Em nossa fé cristã católica professamos que Deus
enviou ao mundo seu único Filho, Jesus Cristo para nos salvar. Em tudo, o Filho
assumiu a nossa condição humana, menos no pecado; São Paulo bem recorda que o
pecado nunca dominou sobre Ele. Salvar, significa dar sentido pleno à nossa
existência e a participação na felicidade completa; isso somente Deus pode nos
dar. O Filho, feito homem, acolheu a todos nós em sua santa humanidade, mostrou
a luz de Deus para que possamos viver iluminados pela verdade e ele mesmo se
fez para nós o caminho, a verdade e a vida.
Poderia Deus realizar o seu desígnio a nosso respeito
– de vida plena para todos – sem que o Filho passasse pela contradição da
condição humana, o sofrimento e a morte, como experimentam todos os
descendentes de Adão e aqueles que procuram nesta vida ser fiéis a Deus?
Queria Deus Pai o sofrimento de seu Filho? Este é um grande mistério e não
cabem aqui respostas fáceis e superficiais. Mas é certo que Deus não quer o
sofrimento para ninguém, muito menos o quis para seu amado Filho.
O fato é que Jesus Cristo, na sua condição humana,
permaneceu fiel a Deus e à sua missão, não obstante as ameaças e perseguições.
E Deus Pai aceitou esta radical “obediência” de Cristo: “obediente até à morte
e morte de cruz” (Fl 2,8). Nessa total fidelidade a Deus, Ele nos deu o
exemplo, para que sigamos os seus passos e permaneçamos fieis a Deus sempre;
nada deve ser colocado acima dessa total fidelidade a Deus. Ao meu ver, o
mistério da cruz de Cristo só se explica pela sua total comunhão com Deus Pai,
que teria sido rompida se Jesus entrasse no jogo das conveniências humanas ou
do medo. Ele não seguiu o “politicamente correto” para salvar a própria pele.
Muitíssimos, a seu exemplo, também enfrentaram todo tipo de desprezo e
discriminação por causa da “verdade”. Tantos morreram mártires, como o próprio
Jesus.
Nossa fé católica em Jesus Cristo não nos permite
escolher apenas algum aspecto de sua pessoa ou de seu ensinamento, que mais nos
agrade. E a Igreja está no mundo para testemunhar a fé completa sobre Jesus
Cristo, Filho de Deus, Salvador. É a fé pascal em Cristo ressuscitado, que
triunfou sobre o pecado, o ódio e a morte; somos as testemunhas de sua
ressurreição e isso constitui um ousadíssimo aspecto de nossa profissão de fé.

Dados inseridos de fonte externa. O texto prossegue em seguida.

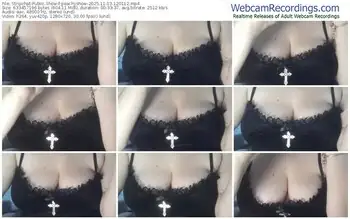 stripchat-peachyshow-11-03-2025-12-01-12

Mas isso não nos pode levar a esquecer a cruz de
Cristo. É uma tentação insidiosa, apresentar ao mundo apenas o Cristo glorioso,
sem referência ao Cristo crucificado. A tendência humana de fugir da cruz pode
levar à busca de uma religião fácil e “politicamente correta”, onde só há
“vantagens” e nenhuma escolha difícil ou renúncia. Jesus não ensinou um
Cristianismo sem necessidade de conversão, sem cruz, sem colocar o reino de
Deus como centro de referência para a vida do homem e do mundo. O seu caminho
para a vida plena e para a participação na glória de Deus passa pela cruz.
O papa Francisco, na sua primeira missa com o colégio
Cardinalício no dia 14 de março, ainda na Capela Sistina, observou que a
Igreja, deixando de lado Jesus Cristo crucificado, tornar-se-ia apenas uma “ONG
piedosa”... Falando aos jovens, no Domingo de Ramos, convidou-os a tomarem, com
ele, o caminho para a Jornada Mundial da Juventude, no Rio de Janeiro e
encorajou-os a não terem vergonha da cruz de Cristo e a abraçarem com coragem a
própria cruz, no seguimento de Cristo.
Quando professamos nossa fé, lembremos sempre que a
graça de nossa “liberdade de filhos de Deus” custou “um preço muito alto” (cf
1Cor 6,20): nada menos que o sofrimento, o sangue derramado e a morte do Filho
de Deus feito homem! Celebrando a Páscoa, agradeçamos por tão grande presente!
E em tudo sejamos fiéis a Deus também nós, como foi nosso Salvador.